Taki wniosek sformułował wiceminister energii Michała Kurtyki podczas środowej konferencji „Polska energia w Europie. Wyzwania modernizacyjne”.
– Musimy się dobrze zastanowić, w co konkretnie chcemy się włączyć, a w stosunku do pozostałych tendencji przyjąć pozycję obserwatora – stwierdził Kurtyka.

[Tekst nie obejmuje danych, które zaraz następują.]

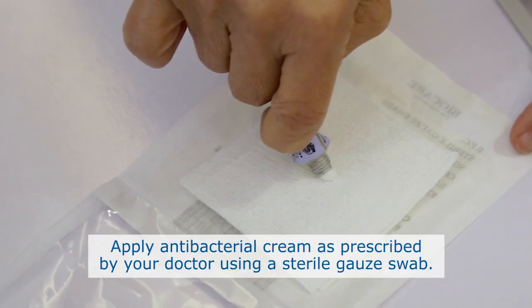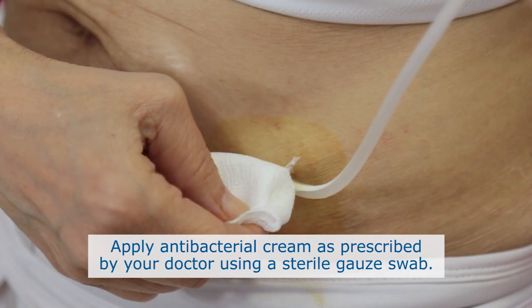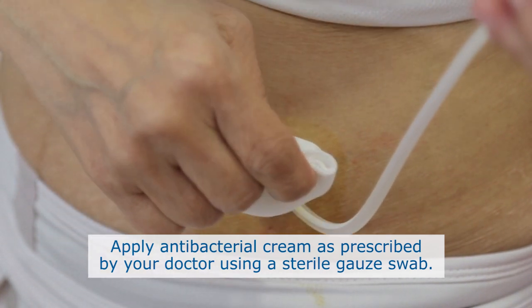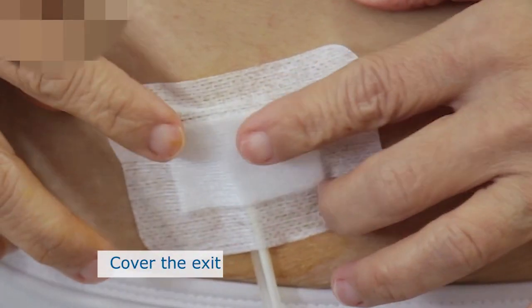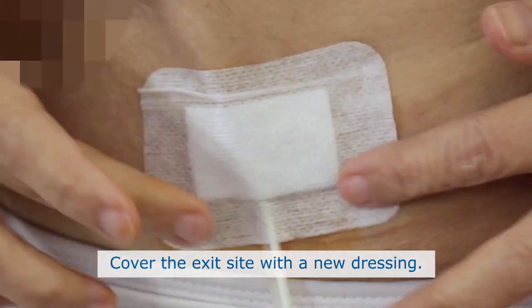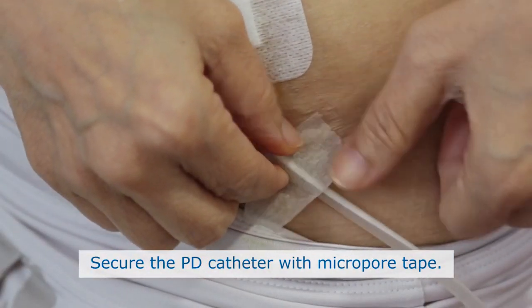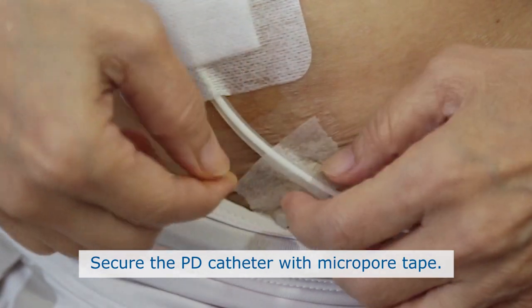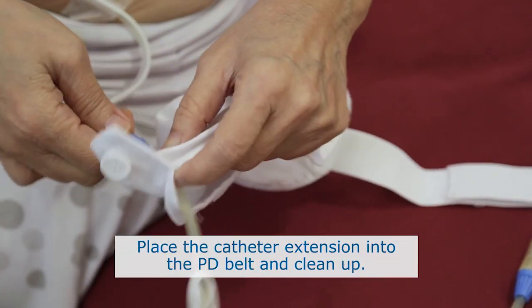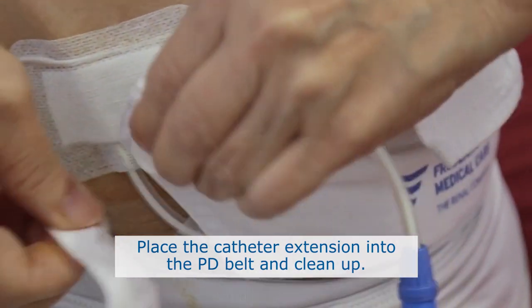Apply anti-bacterial cream as prescribed by your doctor using a sterile gauze swab. Cover your exit site with a new dressing. Secure your PD catheter with micropore tape. Place the catheter extension into your PD belt and clean up.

W tych poszukiwaniach dominować mają cztery kierunki. Wśród nich na pierwszy plan wybija się potrzeba stworzenia odpowiednich bodźców inwestycyjnych dla firm gotowych budować nowe moce energetyczne mające pokryć grożące nam niedobory mocy. Jest to szczególnie istotne po doświadczeniach z sierpnia 2015 r., kiedy wielu przedsiębiorców ponosiło rzeczywiste straty wskutek ograniczenia dostaw energii.
– Jej dostarczenie jest powinnością państwa. Dlatego jednym z pierwszych pytań, na które musimy sobie odpowiedzieć, jest to jak odtworzyć te bodźce inwestycyjne w zakładanym przez nas świecie niskich hurtowych cen energii, które już dziś rozjeżdżają się z kosztami produkcji, ale też jak rozdzielić te środki pomiędzy poszczególne technologie – tłumaczy Kurtyka.
Szczególną atencją rząd będzie otaczał w tej kwestii energię z biogazu, rozwój sieci ciepłowniczych i kogeneracji, która ma również znaczenie w kontekście przyszłego popytu na węgiel. Jak podkreślił Kurtyka jednym z kierunków będzie jednak nastawienie na dywersyfikację miksu.